Your goal: Write out the whole listing exactly; no images belong in it.
** Data provided follows **
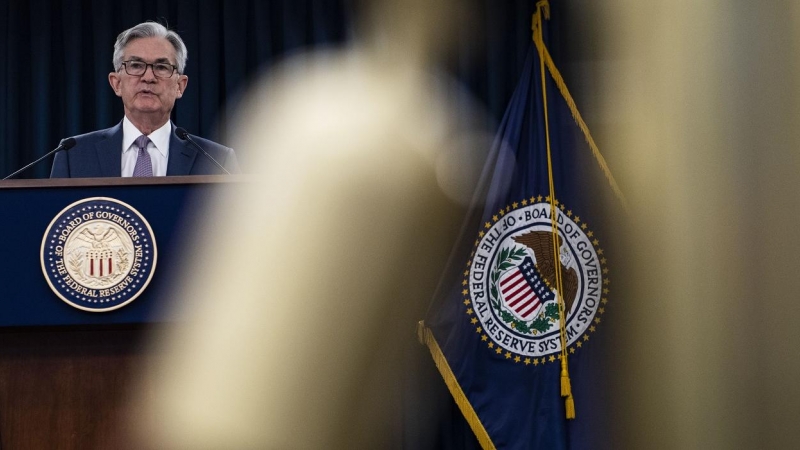 El presidente de la Reserva Federal de EEUU (Fed), Jerome Powell, en una rueda de prensa a comienzos de marzo, cuando el banco central estadounidense adoptó sus primeras medidas de emergencia para hacer frente a la crisis del coronavirus. AFP/Eric Baradat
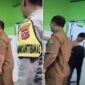 Tangkapan layar video viral memperlihatkan seorang oknum Guru SMA Padang dan pemuda dipergoki warga saat melakukan aksi di toilet masjid.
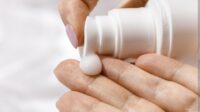 fenomena sunscreen viral tiktok antara tren kecantikan dan edukasi kesehatan kulit yang benar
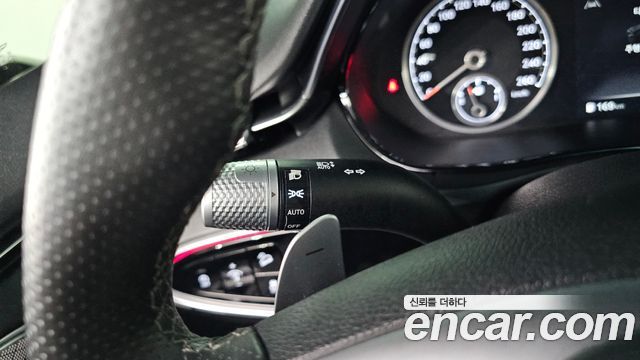 Genesis GV70 2021 — photo 29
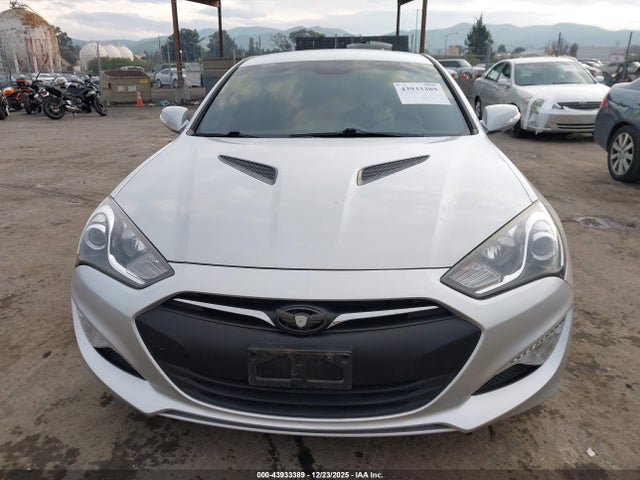 KMHHT6KJ5GU132740 Hyundai Genesis 3.8 Base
** End of Data provided **
Answer to the exercise:
 El presidente de la Reserva Federal de EEUU (Fed), Jerome Powell, en una rueda de prensa a comienzos de marzo, cuando el banco central estadounidense adoptó sus primeras medidas de emergencia para hacer frente a la crisis del coronavirus. AFP/Eric Baradat
 Tangkapan layar video viral memperlihatkan seorang oknum Guru SMA Padang dan pemuda dipergoki warga saat melakukan aksi di toilet masjid.
 fenomena sunscreen viral tiktok antara tren kecantikan dan edukasi kesehatan kulit yang benar
 Genesis GV70 2021 — photo 29
 KMHHT6KJ5GU132740 Hyundai Genesis 3.8 Base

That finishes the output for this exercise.